- _What is needed_
Give the data again exactly, without its images.

- _Given material_
↓

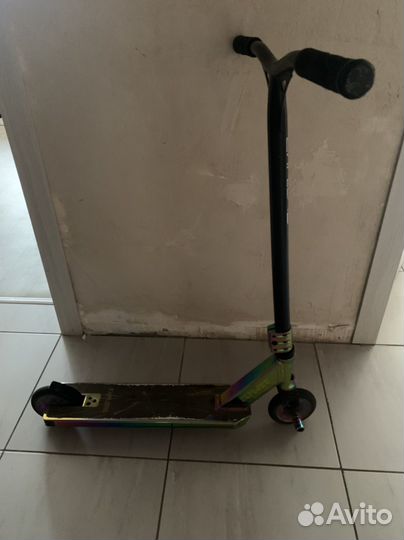 Трюковой самокат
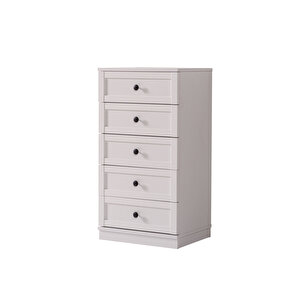 Berrak 5 Çekmeceli Çamaşırlık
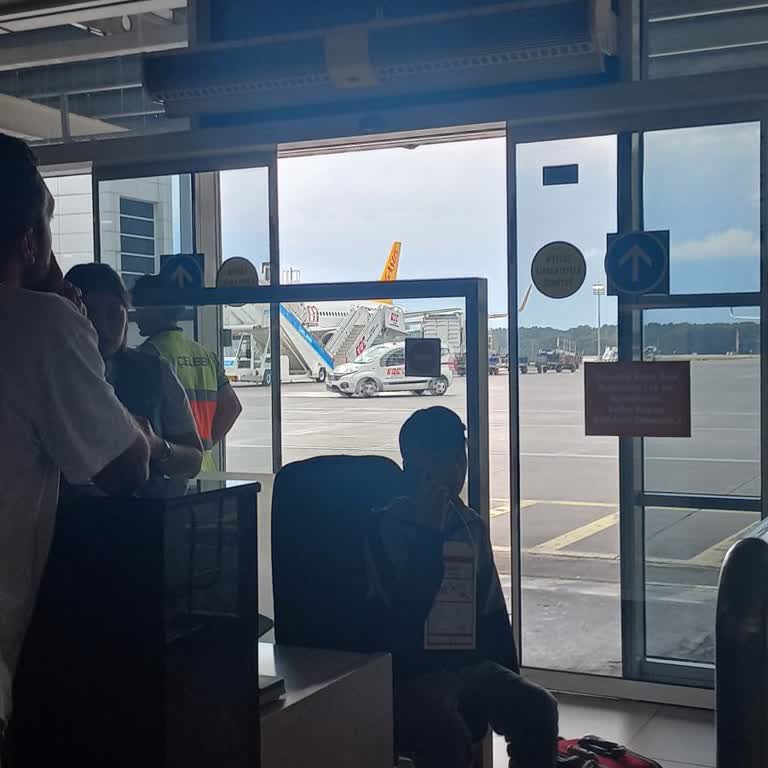 Pegasus'ta Belirsiz Rötar Ve Kapı Değişikliği Mağduriyeti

↑

- _Solution to this task_
 Трюковой самокат
 Berrak 5 Çekmeceli Çamaşırlık
 Pegasus'ta Belirsiz Rötar Ve Kapı Değişikliği Mağduriyeti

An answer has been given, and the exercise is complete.